POST your input parameters to the model's REST endpoint (shown in the API tab of this playground) with your WaveSpeedAI API key in the Authorization header. Submission returns a prediction ID; poll the prediction endpoint until status flips to "completed", then read the output URL from the result. The playground generates a ready-to-paste code sample in Python, JavaScript, or cURL for whatever inputs you've set. Full request/response shape is documented at https://wavespeed.ai/docs/docs-api/wavespeed-ai/ltx-2-19b-lipsync.
Ltx 2 19b Lipsync starts at $0.10 per run. That figure is the base price — the final charge scales with the parameters you set in the form (output size, length, count, references, or whatever knobs this model exposes), so a higher-quality or larger output costs more than a minimal one. The exact cost for your current input is shown live next to the Generate button before you submit, and the actual per-call charge is recorded on the prediction afterwards.
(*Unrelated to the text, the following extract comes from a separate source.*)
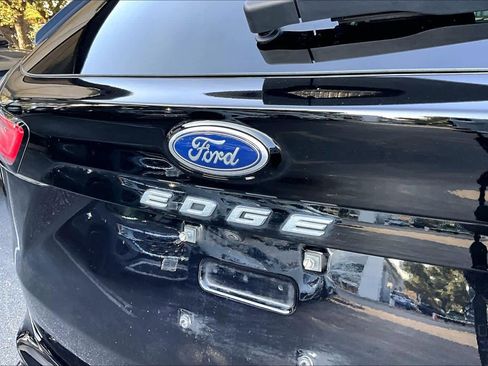 Used 2023 Ford Edge ST image 32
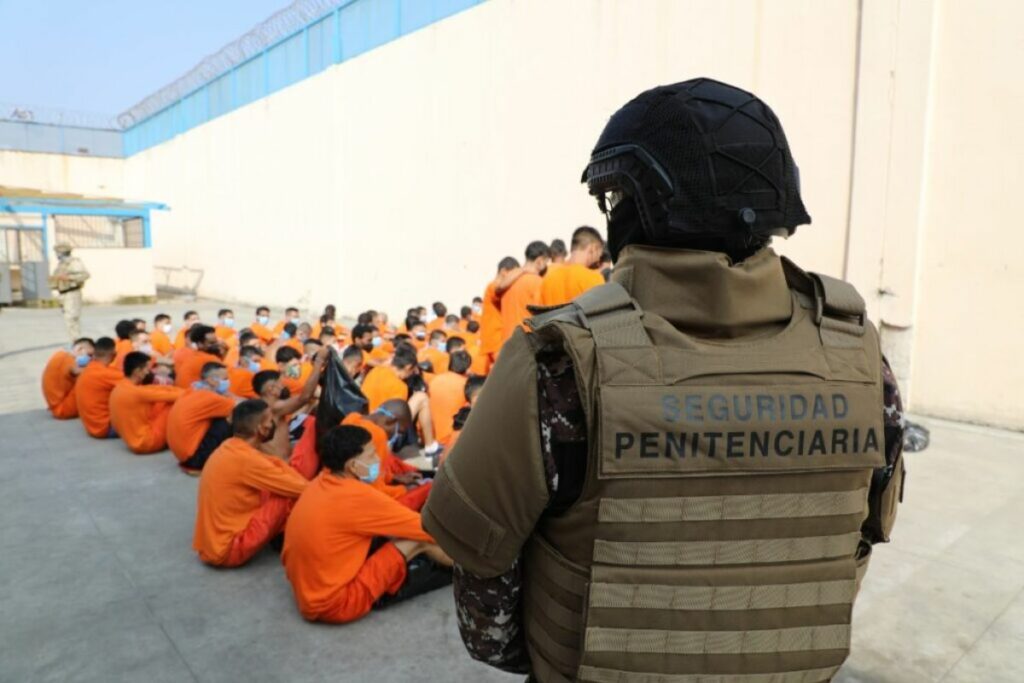 penitenciaria-del-Litoral-1-1024x683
Key inputs: `prompt`, `image`, `audio`, `resolution`, `seed`. The full JSON schema (types, defaults, allowed values) is rendered above the Generate button and mirrored in the API reference at https://wavespeed.ai/docs/docs-api/wavespeed-ai/ltx-2-19b-lipsync.
Average end-to-end generation time on WaveSpeedAI is around 87 seconds per request — measured across recent runs. Queue time scales with global demand; live status is visible in the prediction record.
Commercial usage rights depend on the model's license, set by its provider (WaveSpeedAI). The license summary appears on the model card above; see WaveSpeedAI's Terms of Service for platform-level conditions.